Thursday, March 3, 2011

Visionary


It seems to me that the word visionary is used a lot these days, often to describe someone with a great idea. A completely different use of the word that fascinates me is in relation to art. Visionary or outsider artists are self-taught individuals, who don't necessarily self-identify as artists, but who create work out of a strong personal vision. Often their creation is obsessive, abundant, prolific, exuberant, religious, childlike, or uninhibited, and it begs taking a closer look and learning the story of the creator.

Rebecca Alban Hoffberger, a visionary in her own right, founded the American Visionary Art Museum in Baltimore in late 1995, and I had the distinct pleasure of visiting it last week. What a magical, unique, exuberant, inspiring place! Everywhere you look from the moment you arrive is filled with examples of someone's artistic expression/obsession, from the mirrored mosaic schoolbus to the entry greeting of a floor inlayed with toothbrushes spelling out "Smile".

The current exhibit at the museum is called "What Makes Us Smile" and is filled with works expressing the curators' idiosyncratic perspective of what is funny, highbrow to low, pithy or trashy, poignant or teasing.
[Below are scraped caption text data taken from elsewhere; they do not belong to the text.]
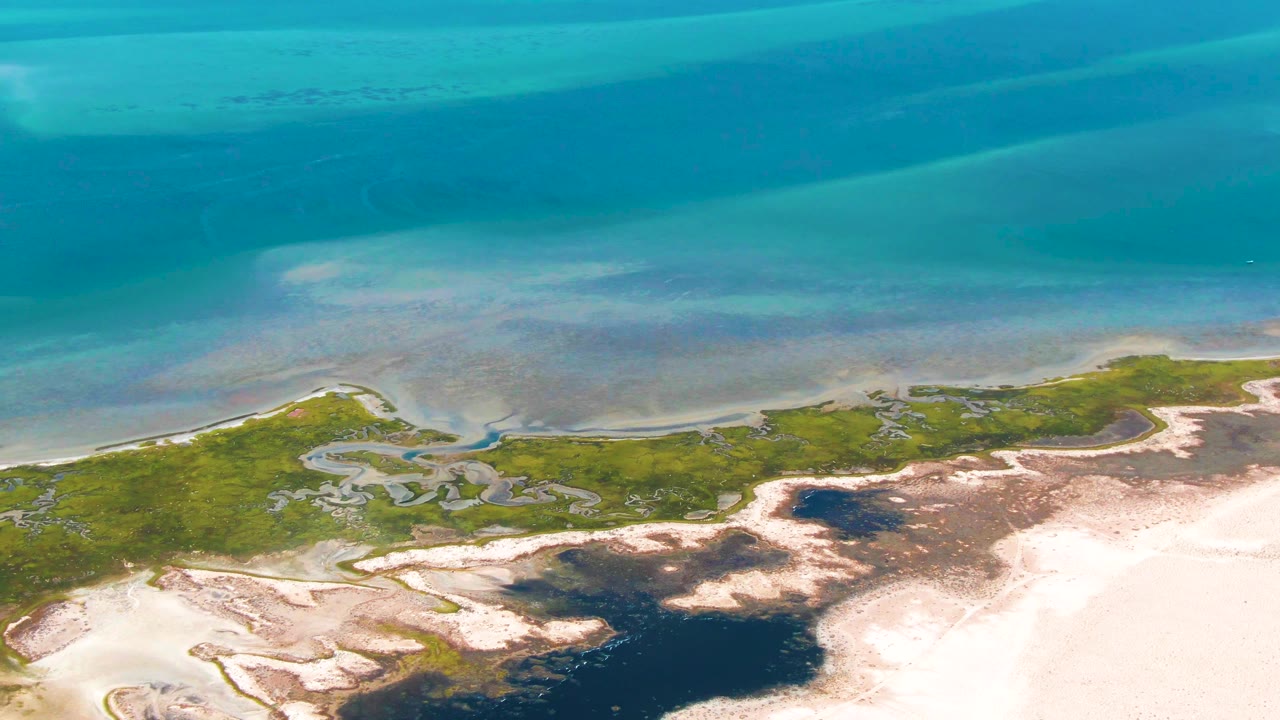 High aerial view of blue ocean bands and winding wetland channels beside pale sand.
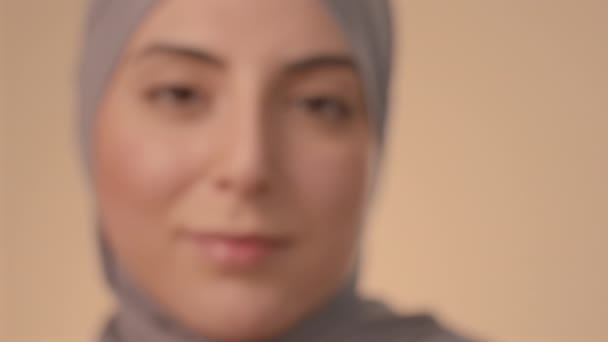 放大极近的画像年轻的棕色眼睛的穆斯林妇女在头巾看着相机站在油桃工作室的背景 — 图库视频影像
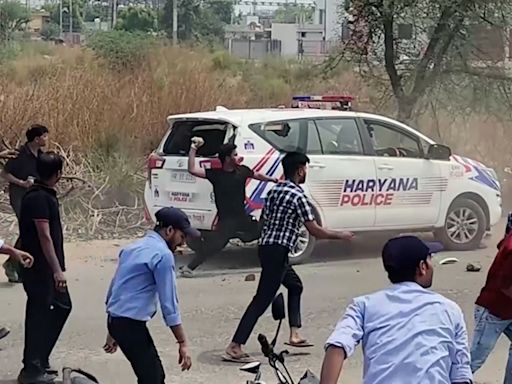 WATCH: Violent Protests In Haryana's Gurugram After Factor Bus Mows Down Employee ; Officer Among 2 Cops Injured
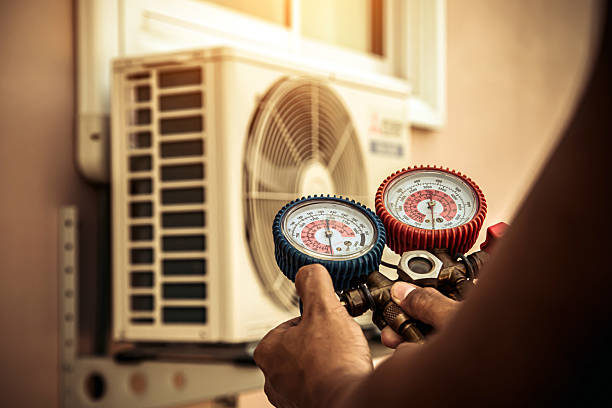 Professional Heat Pump Repair technician working in Montgomery, TX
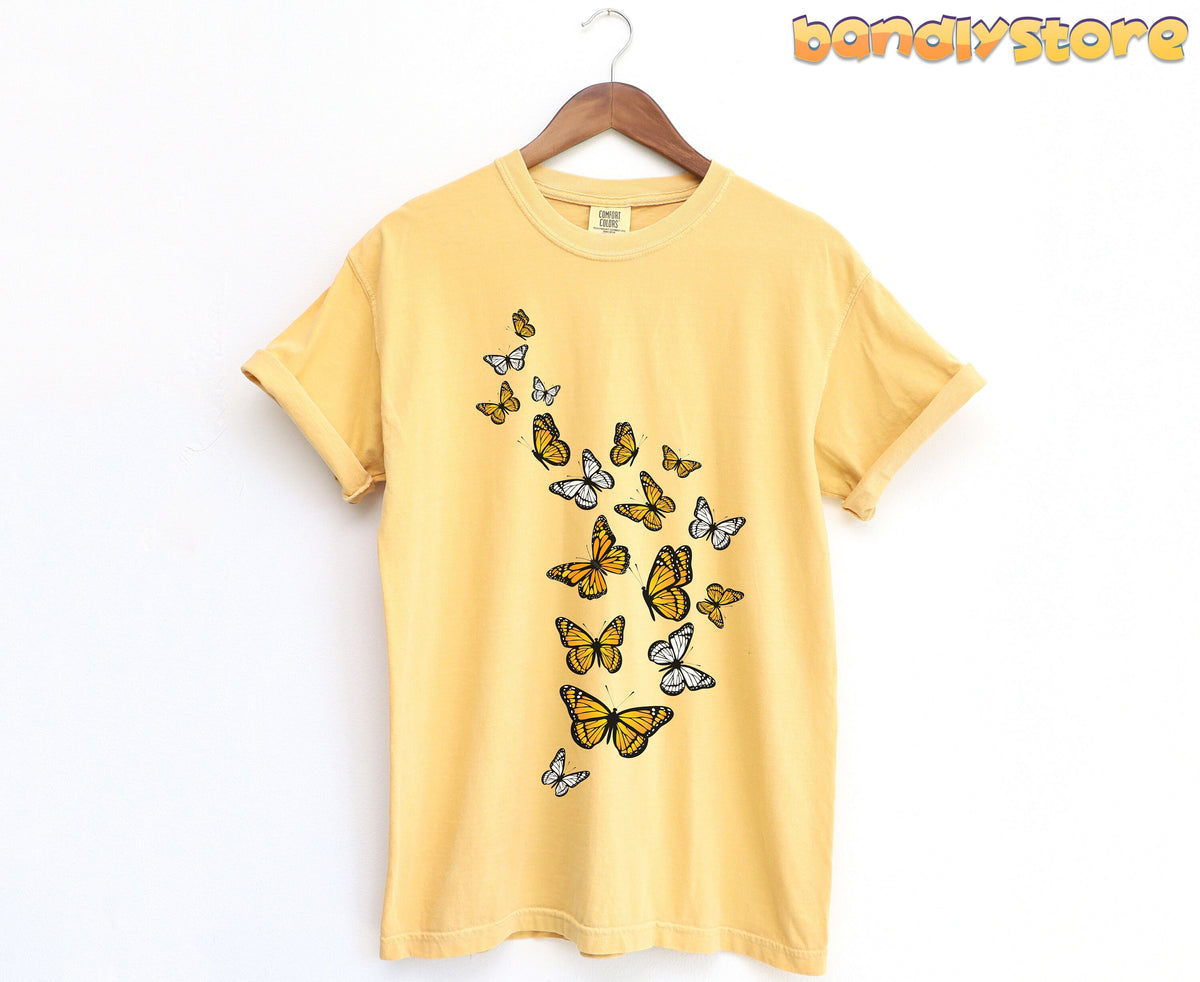 Monarch Butterfly Flock T-Shirt in mustard hanging on a wooden hanger against a plain white wall.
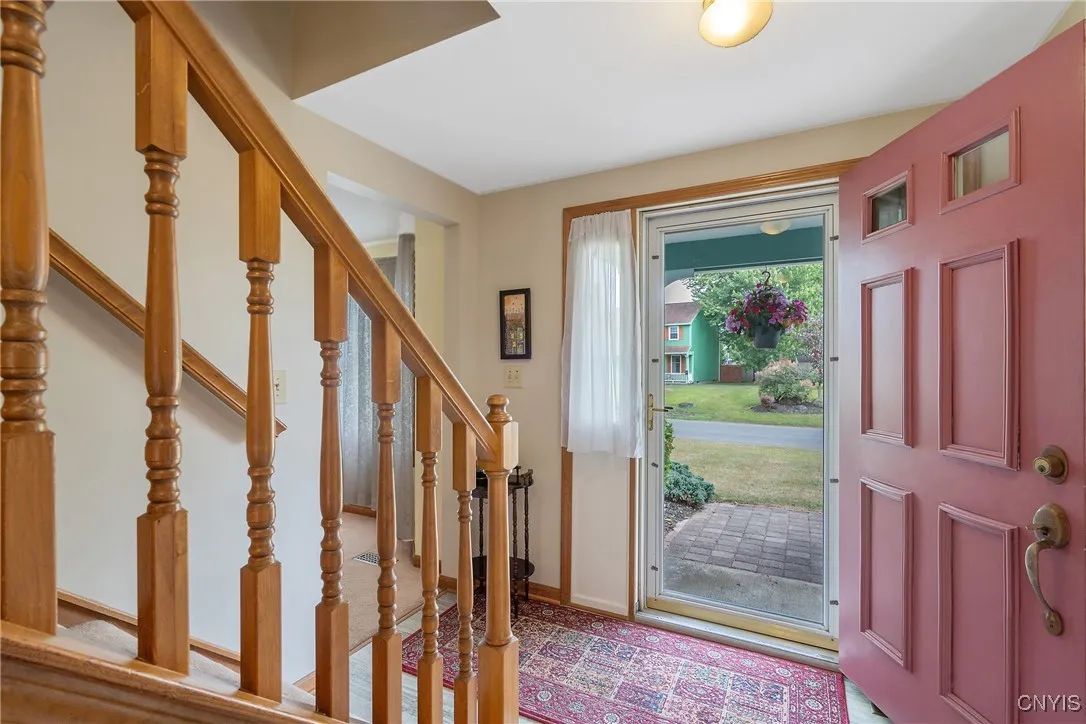 Now we enter the home, stepping into the front foyer. The center hallway design leads into the kitchen & garage behind us, or into the formal living room through the doorway to the left here. The spindled banister stairs lead to the bedroom level, which we will explore later in the tour.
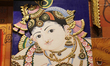 Detail of a decorative artistic display featuring images of various Hindu Gods and Goddess...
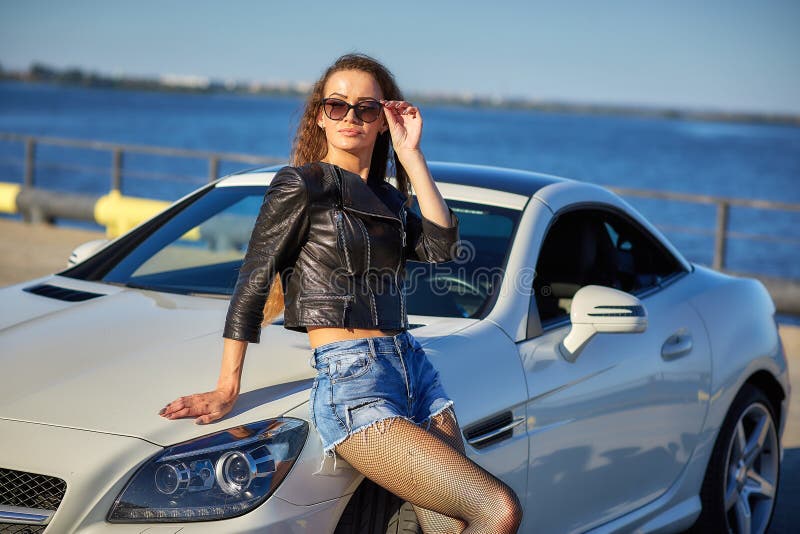 sexy girl in a leather jacket, denim shorts and black pantyhose in a grid stands near the car.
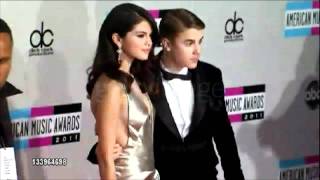 Selena gomez & justin bieber walking the red carpet at american music
awards 2011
It is impossible to go through the exhibit without smiling, laughing or raucously guffawing, not the normal responses one expects to have in a museum.

To quote Langston Hughes,“Humor is laughing at what you haven't got when you ought to have it.” But this show - and this museum - gives it (humor) to you where you ought to have it, as expressed by artists, by writers, and by the wonderful vision of a remarkable woman who demanded that inspired outsider artists be noticed.